Firstly, we will import the numpy library as well as initialize the embedding dimension and the input sequence: “The singer, after performing at a concert for three hours straight was really tired”.

#MSSQLTips.com (Python)
#Importing numpy
import numpy as np
#1. Define d_k (dimension of the vectors)
d_k = 4
# 2. Input Sentence (Tokenized form)
tokens = ["The", "singer", ",", "after", "performing", "at", "a", "concert", "for", "three", "hours", "straight", ",", "was", "really", "tired"]

We will take a random initialization of the Query vector, focusing on the last word “tired”. This vector will ask: “what is the reason behind being tired?”. Similarly, the Key vectors pertaining to the word “tired” will represent the person/subjects involved:

#MSSQLTips.com (Python)
 
Q_tired = np.array([5.0, 1.0, 0.5, 0.0])
K_singer = np.array([4.8, 1.2, 0.4, 0.1]) # High match to Q
K_concert = np.array([2.0, 0.0, 0.0, 0.0]) # Medium match (relevant event)
K_hours = np.array([1.5, 0.8, 0.1, 0.0]) # Medium match (relevant duration)
K_irrelevant = np.array([0.1, 0.1, 0.1, 0.1]) # Low match (e.g., "The")
# Combine all keys into a matrix (K_matrix)
K_matrix = np.stack([K_singer, K_concert, K_hours, K_irrelevant])

For simplicity, we will calculate attention scored against these four key vectors.

The value matrix will contain the content that will be summed up after computing the attention scores between Q and K and is initialised like so:

#MSSQLTips.com (Python)
 
V_singer = np.array([9.0, 1.0, 0.0, 0.0])
V_concert = np.array([0.0, 0.5, 1.0, 0.0])
V_hours = np.array([0.0, 0.1, 0.5, 1.0])
V_irrelevant = np.array([0.1, 0.0, 0.0, 0.0])
V_matrix = np.stack([V_singer, V_concert, V_hours, V_irrelevant])

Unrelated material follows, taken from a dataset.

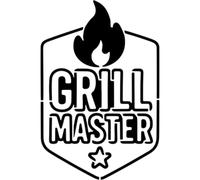 Azeeda 'Grill Master' Reusable Stencil - Durable Decorative Template for Painting and Spraying on Walls, Tiles, Wood, Fabric & Craft Projects - M (A5) (WS00062520)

Now, we will calculate the alignment scores:

#MSSQLTips.com (Python)
 
scores = np.dot(Q_tired, K_matrix.T)
print("--- Alignment Scores (Q · K) ---")
print(f"Scores: {scores}")

The output of this code block will be:

This attention score will be scaled as shown below:

#MSSQLTips.com (Python)
 
scale_factor = np.sqrt(d_k)
scaled_scores = scores / scale_factor
print("\n--- Scaled Scores ---")
print(f"Scaled Scores: {scaled_scores}")

The output of this code will be:

After applying softmax to these scores, we will get the following result:

#MSSQLTips.com (Python)
 
def softmax(x):
    e_x = np.exp(x - np.max(x)) # Subtract max for numerical stability
    return e_x / e_x.sum(axis=0)
 
attention_weights = softmax(scaled_scores)
print("\n--- Attention Weights (SoftMax) ---")
print(f"Weights: {attention_weights}")

From the vector above, we see that “Singer” gets ~99.95% of the attention, correctly linking “tired” to the subject.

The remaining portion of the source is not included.